[Provided records]

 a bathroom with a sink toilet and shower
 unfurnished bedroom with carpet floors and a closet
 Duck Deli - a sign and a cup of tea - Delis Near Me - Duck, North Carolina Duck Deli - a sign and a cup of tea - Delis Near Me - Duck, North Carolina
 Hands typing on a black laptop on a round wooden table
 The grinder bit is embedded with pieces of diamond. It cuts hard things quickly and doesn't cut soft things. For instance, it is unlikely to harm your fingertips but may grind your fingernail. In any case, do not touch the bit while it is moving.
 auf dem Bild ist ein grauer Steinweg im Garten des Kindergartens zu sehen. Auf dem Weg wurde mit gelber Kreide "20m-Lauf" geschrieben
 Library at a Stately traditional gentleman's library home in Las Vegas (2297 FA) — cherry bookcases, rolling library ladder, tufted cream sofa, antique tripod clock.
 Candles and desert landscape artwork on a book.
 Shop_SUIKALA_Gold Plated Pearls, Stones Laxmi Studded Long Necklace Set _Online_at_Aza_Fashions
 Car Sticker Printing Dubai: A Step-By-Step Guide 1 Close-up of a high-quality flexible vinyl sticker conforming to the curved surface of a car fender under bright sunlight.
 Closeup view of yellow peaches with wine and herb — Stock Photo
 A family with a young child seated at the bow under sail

[/Provided records]

_Exercise brief:_ Please return the data above in full, without altering a single line.

_Written response:_
 a bathroom with a sink toilet and shower
 unfurnished bedroom with carpet floors and a closet
 Duck Deli - a sign and a cup of tea - Delis Near Me - Duck, North Carolina Duck Deli - a sign and a cup of tea - Delis Near Me - Duck, North Carolina
 Hands typing on a black laptop on a round wooden table
 The grinder bit is embedded with pieces of diamond. It cuts hard things quickly and doesn't cut soft things. For instance, it is unlikely to harm your fingertips but may grind your fingernail. In any case, do not touch the bit while it is moving.
 auf dem Bild ist ein grauer Steinweg im Garten des Kindergartens zu sehen. Auf dem Weg wurde mit gelber Kreide "20m-Lauf" geschrieben
 Library at a Stately traditional gentleman's library home in Las Vegas (2297 FA) — cherry bookcases, rolling library ladder, tufted cream sofa, antique tripod clock.
 Candles and desert landscape artwork on a book.
 Shop_SUIKALA_Gold Plated Pearls, Stones Laxmi Studded Long Necklace Set _Online_at_Aza_Fashions
 Car Sticker Printing Dubai: A Step-By-Step Guide 1 Close-up of a high-quality flexible vinyl sticker conforming to the curved surface of a car fender under bright sunlight.
 Closeup view of yellow peaches with wine and herb — Stock Photo
 A family with a young child seated at the bow under sail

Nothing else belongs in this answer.